Kleven et. al. (2010) melakukan sampling
terhadap 40.000 lebih tax filler dan membagi 2 kelompok secara random.
Pada
base year, kelompok pertama dilakukan audit dan kelompok kedua tidak. Tahun
berikutnya, semacam pemberitahuan audit
threat dikirim secara random ke kedua grup tersebut.
Diantara
beberapa kesimpulan yang mereka dapat, yang terpenting adalah bahwa tax
evasion untuk self reported income cukup substansial yaitu (37%) sedangkan
third party reported income sangat rendah (0,3%) dan tidak responsif kepada
kemungkinan akan dilakukan audit.
Studi
ini menemukan bahwa aspek psikologis sangat mempengaruhi tax compliance dan
pada studi empiris ini dapat disimpulkan bahwa orang lebih takut untuk
dipergoki oleh klarifi kasi data pihak ketiga dibanding dengan audit.
Lebih
lanjut, OECD Center of Tax Policy and
Administration memaparkan bahwa data pihak ketiga tidak hanya berpengaruh
kepada pencapian penerimaan dan rasio pajak, tetapi juga sangat berpengaruh
dalam mengurangi beban wajib pajak orang pribadi dan menekan administration cost di internal tax authority, karena banyak
data wajib pajak yang secara otomatis dapat di-generate dari data pihak
ketiga.
OECD
Center of Tax Policy and Administration
Report menyebutnya dengan nama "pre-populated return" dan
informasi ini dikirim ke Wajib Pajak dalam bentuk kertas atau elektronik
untuk dikonfirmasi. Khusus di Perancis, mereka menggunakan istilah yang
berbeda yaitu pre-filled returns.
Konsep
dasarnya sama yaitu pihak ketiga diharuskan untuk mengirimkan data terkait
perpajakan secara elektronik mulai dari bulan Januari sampai dengan
pertengahan Maret.
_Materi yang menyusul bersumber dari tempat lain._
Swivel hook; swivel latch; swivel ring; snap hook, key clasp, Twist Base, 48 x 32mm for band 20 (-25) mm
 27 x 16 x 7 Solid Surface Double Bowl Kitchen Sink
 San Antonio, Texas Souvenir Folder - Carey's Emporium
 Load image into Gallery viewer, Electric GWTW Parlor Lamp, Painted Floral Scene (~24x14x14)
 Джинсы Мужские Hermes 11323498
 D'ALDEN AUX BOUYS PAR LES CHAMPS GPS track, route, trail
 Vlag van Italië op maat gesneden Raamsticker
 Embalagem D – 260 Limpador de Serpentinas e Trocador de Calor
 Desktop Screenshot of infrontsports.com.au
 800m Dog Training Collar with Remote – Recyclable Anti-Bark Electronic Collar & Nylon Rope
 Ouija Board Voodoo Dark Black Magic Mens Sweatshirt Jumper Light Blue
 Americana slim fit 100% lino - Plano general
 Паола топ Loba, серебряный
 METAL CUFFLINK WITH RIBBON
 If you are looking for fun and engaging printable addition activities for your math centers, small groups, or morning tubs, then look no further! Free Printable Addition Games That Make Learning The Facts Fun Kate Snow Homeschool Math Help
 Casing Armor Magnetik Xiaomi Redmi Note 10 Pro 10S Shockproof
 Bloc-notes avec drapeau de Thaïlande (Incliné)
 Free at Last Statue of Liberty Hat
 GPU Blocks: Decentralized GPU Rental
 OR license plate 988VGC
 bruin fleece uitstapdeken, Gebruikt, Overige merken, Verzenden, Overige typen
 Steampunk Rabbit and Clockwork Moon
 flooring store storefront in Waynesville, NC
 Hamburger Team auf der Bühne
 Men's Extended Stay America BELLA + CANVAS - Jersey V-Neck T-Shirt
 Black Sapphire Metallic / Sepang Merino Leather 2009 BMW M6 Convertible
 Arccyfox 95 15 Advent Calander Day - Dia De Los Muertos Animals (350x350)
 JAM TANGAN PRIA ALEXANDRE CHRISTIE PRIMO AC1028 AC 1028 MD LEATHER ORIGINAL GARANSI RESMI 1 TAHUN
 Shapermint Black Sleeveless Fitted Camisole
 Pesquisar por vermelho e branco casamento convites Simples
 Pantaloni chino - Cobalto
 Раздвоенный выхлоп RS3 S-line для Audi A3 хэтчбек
Kemudian proses matching
dilakukan hingga akhir bulan April. Informasi yang didapat dari proses itu
akan otomatis masuk ke 3 6 juta SPT untuk dilakukan approval oleh wajib pajak
dengan fasilitas internet with three clicks Data pihak ketiga mencakup area
yang cukup luas yaitu diantaranya data Saham & Pinjaman (FTA, 2011).
Upaya yang telah
dilakukan dan Tantangan
Dari
variabel-variabel yang mempengaruhi rasio pajak, variabel yang bersifat makro
sangat sulit untuk dikontrol dan diatur secara langsung atau dengan kata lain
variabel-variabel tersebut lebih bersifat given. Bagi suatu tax
authority, pilihan yang tersisa untuk mendongkrak rasio pajak yaitu
dengan mengoptimalkan variabel-variabel mikro.
Banyak
upaya yang sudah dilakukan Direktorat Jenderal Pajak untuk meningkatkan rasio
pajak. Diantaranya yang paling menggema adalah Program Sensus Pajak Nasional
(SPN) yang mulai digaungkan pada tahun 2011 untuk menjaring WP baru dan
mengoptimalkan penerimaan dari existing taxpayers. DJP butuh data pihak
ketiga untuk meng-counter data yang ada didalam SPT.
Sensus
Pajak Nasional sangat membantu DJP dalam membangun database pajak yang lebih
kuat, namun demikian pendekatan survei seperti SPN hanya menghasilkan data
statis - tidak bergerak dan ter-update mengikuti jejak wajib pajak. Selain
itu data SPN berumber dari pihak yang sama yaitu wajib pajak itu sendiri
sehingga validitas dan akurasinya sebagai data counter SPT menjadi kurang
mumpuni.
Terobosan
seperti e-filing patut diacungi jempol dan harus terus dikembangkan karena
bisa memberikan kemudahan kepada Wajib pajak sekaligus menekan beban
adminsitrasi DJP. Jika data pihak ketiga sudah dapat dimanipulasi dengan
baik, tantangan berikutnya adalah mengadopsi model pre-populated atau pre-filled tax return.
Optimalisasi
data pihak ketiga memang membutuhkan koordinasi yang sangat kuat antara
seluruh elemen pemerintahan dan swasta. Tidak hanya itu, keinginan politik
menjadi dasar dari semuanya.
Karena
akhirnya proses politiklah yang menentukan arah pengelolaan pajak di Indonesia.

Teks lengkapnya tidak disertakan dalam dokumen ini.